### Work request
Set down, exactly and with no pictures, the line that contains "7230 Black Walnut" and all lines after it in the listing.

### Available data
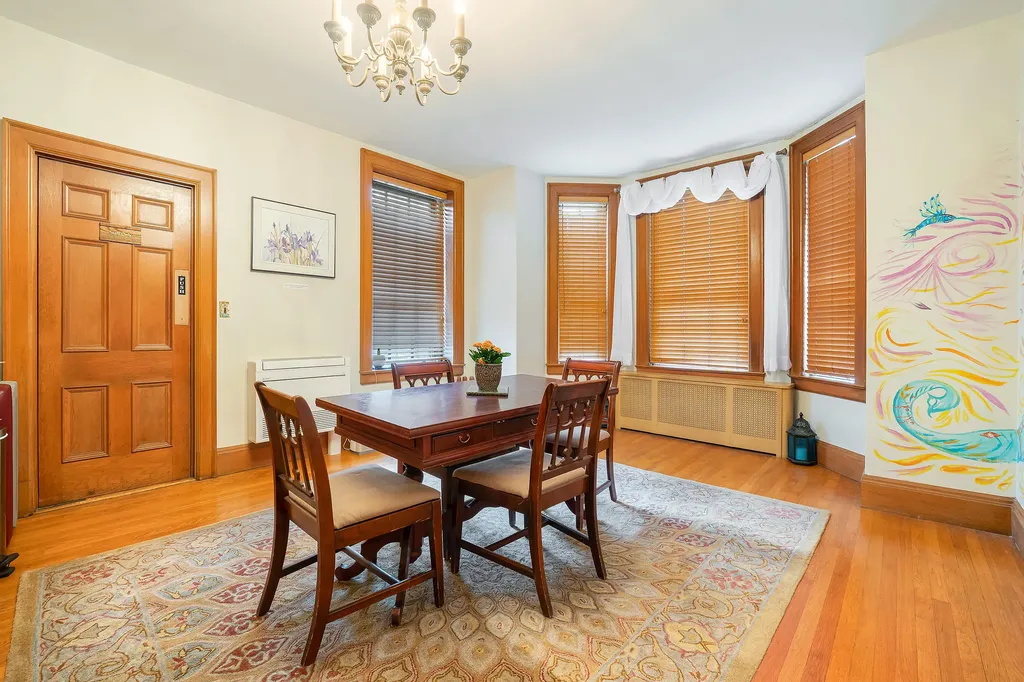 1 Lincoln Avenue Gardiner ME 04345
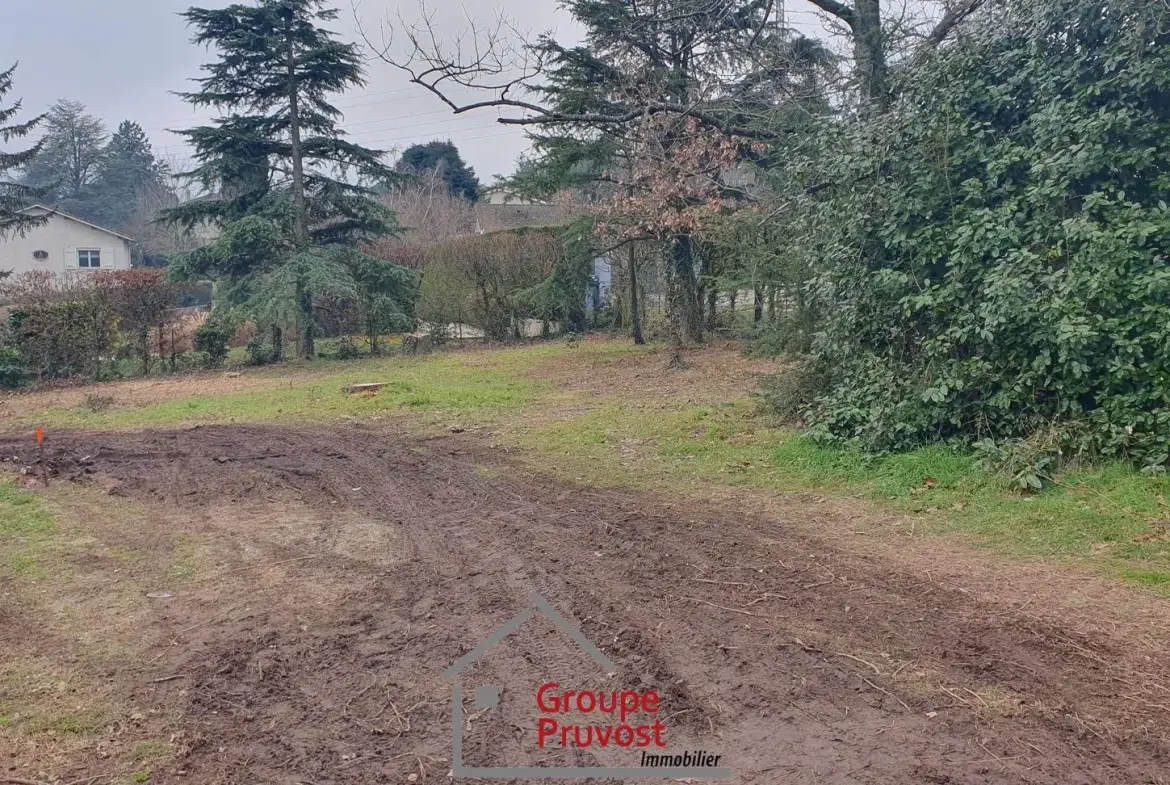 Terrain plat constructible à Vaugneray de 1000 m² dans un secteur résidentiel calme 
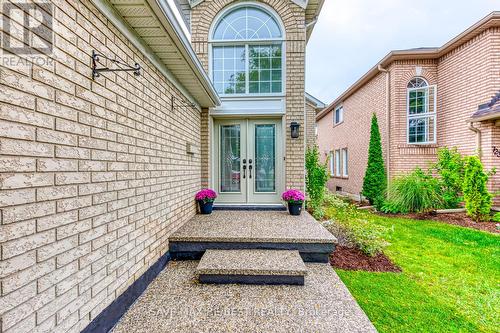 7230 Black Walnut Trail W, Mississauga, ON - Outdoor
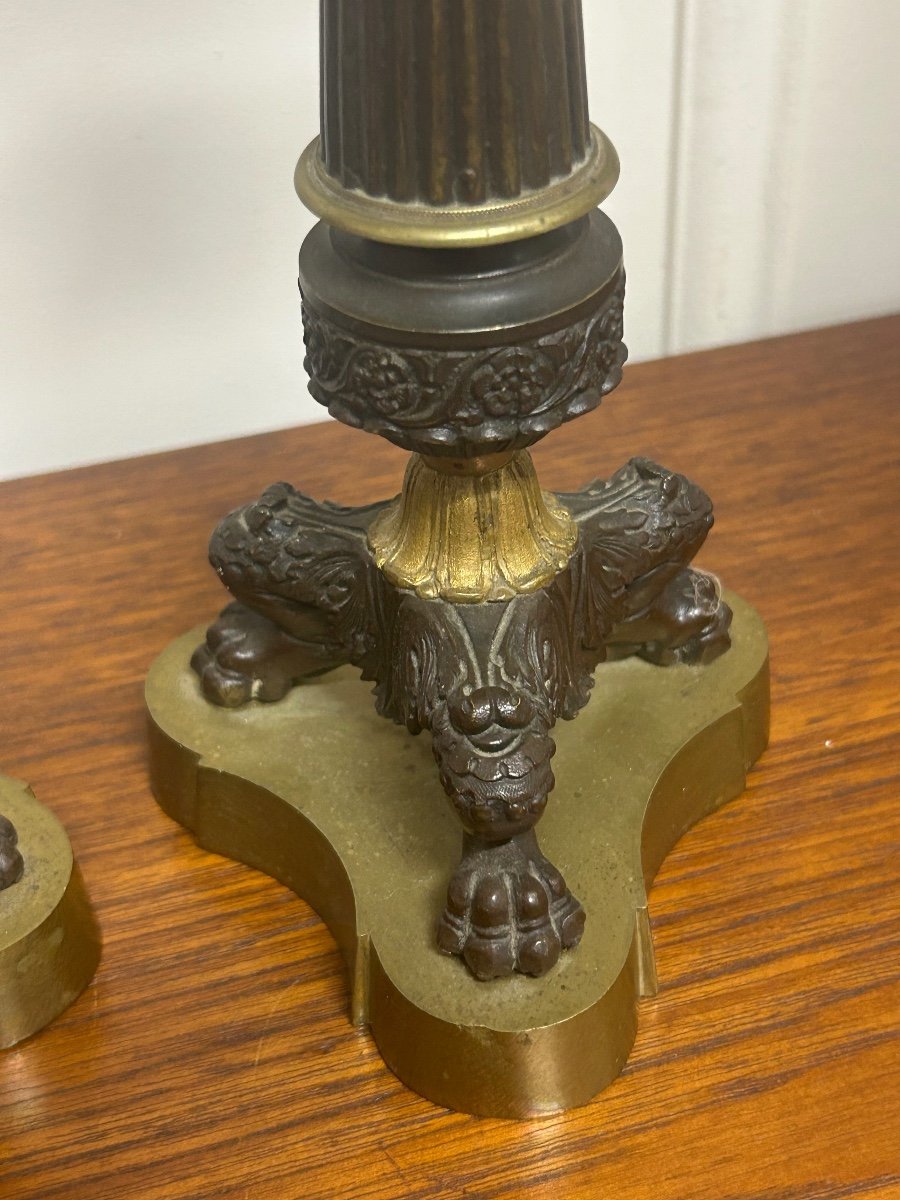 Pair Of Restoration Period Candlesticks In Bronze With Gilded And Brown Patina, 19th Century Claw Feet -photo-5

### Result of this task
 7230 Black Walnut Trail W, Mississauga, ON - Outdoor
 Pair Of Restoration Period Candlesticks In Bronze With Gilded And Brown Patina, 19th Century Claw Feet -photo-5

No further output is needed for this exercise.